Personal information
- Full name: John Henry Parsons
- Born: 30 May 1890 Headington, Oxfordshire, England
- Died: 2 February 1981 (aged 90) Plymouth, Devon, England
- Batting: Right-handed
- Bowling: Right-arm medium

Domestic team information
- 1910 to 1934: Warwickshire
- 1919–20 to 1921–22: Europeans

Career statistics
| Competition | First-class |
| Matches | 355 |
| Runs scored | 17,969 |
| Batting average | 35.72 |
| 100s/50s | 38/86 |
| Top score | 225 |
| Balls bowled |  |
| Wickets | 83 |
| Bowling average | 28.97 |
| 5 wickets in innings | 3 |
| 10 wickets in match | 1 |
| Best bowling | 7/41 |
| Catches/stumpings | 260/0 |
- Source: ESPNcricinfo, 4 February 2016

= Jack Parsons (cricketer) =

English cricketer

The Rev. Canon John Henry Parsons MC (30 May 1890 – 2 February 1981) was an English first-class cricketer for Warwickshire County Cricket Club. A right-handed batsman, he made 17969 runs at 35.72 in his 355-game career which extended over 26 years. He became a Church of England clergyman.

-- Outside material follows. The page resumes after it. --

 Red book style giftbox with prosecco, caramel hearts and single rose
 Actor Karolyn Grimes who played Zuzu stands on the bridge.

He was born in Oxford, and qualified by residence for Warwickshire County Cricket Club after moving to Coventry. He played for the county from 1910 to 1914 as a professional. He was commissioned into the British Army during the Great War, in which he won a Military Cross for gallantry. He continued in the Army afterwards, appearing for his county as an amateur in 1919 and 1923 as Capt. J. H. Parsons. In 1924, he resumed his professional career. In 1929, he was ordained, and from then until his retirement from the game in 1934 played again as an amateur. According to his obituary in Wisden, he might well have played for England but for the break in his career between 1914 and 1923. "A tall man, who made full use of his height, he was a superb driver of fast bowling, and one of the safest slips of his day."

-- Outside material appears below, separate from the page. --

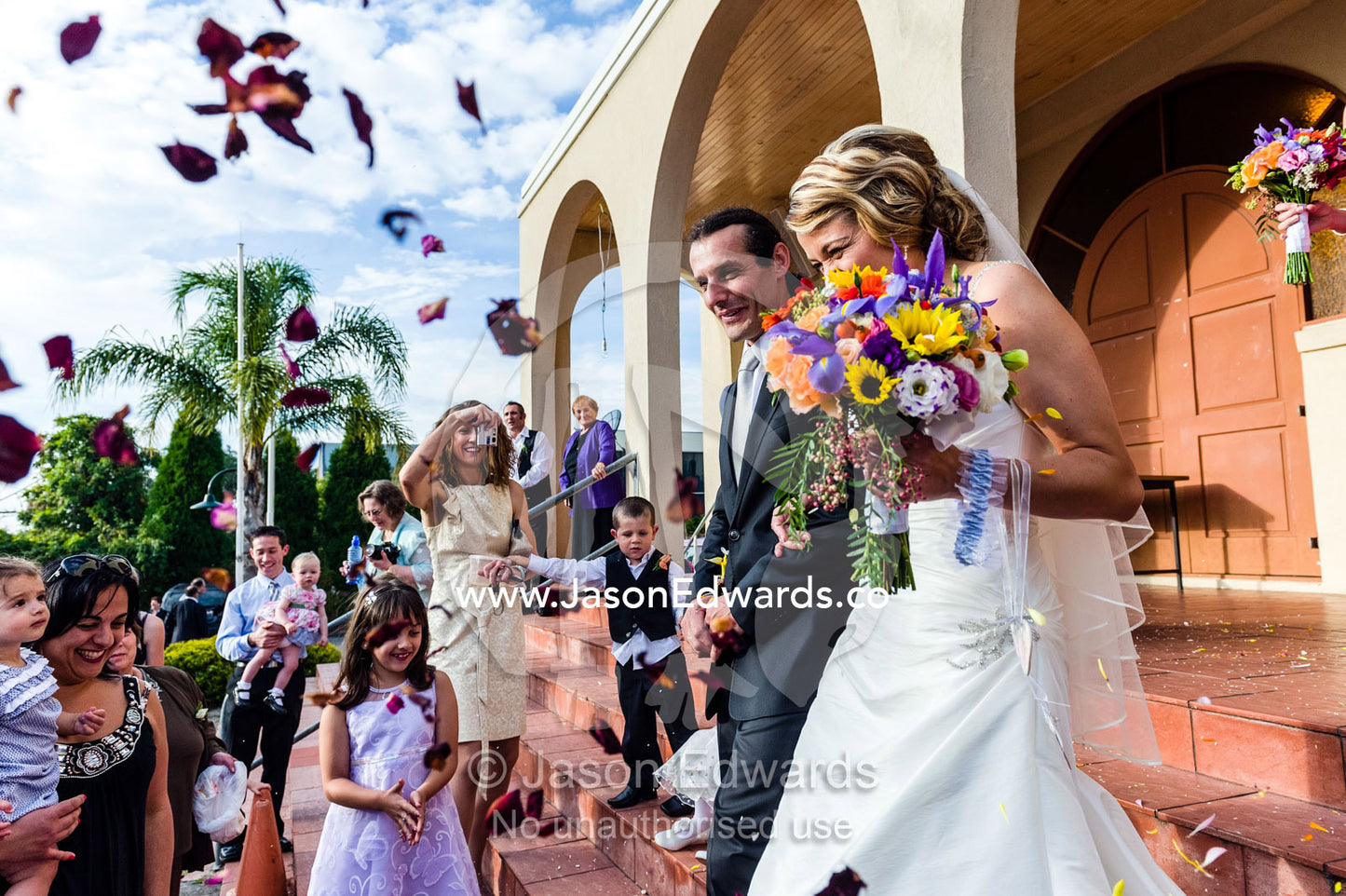 Confetti and rose petal shower a bride and groom at a Greek wedding. Melbourne, Victoria, Australia.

In his final game for Warwickshire, against Yorkshire at Scarborough in 1934, under his captaincy, 216 runs were required to win in the fourth innings. Parsons scored 94 out of 121 in under two hours, including three 6s and twelve 4s; Warwickshire won by one wicket.

In the 1950s he was vicar of Liskeard in Cornwall. He died in a Plymouth nursing home at the age of 90.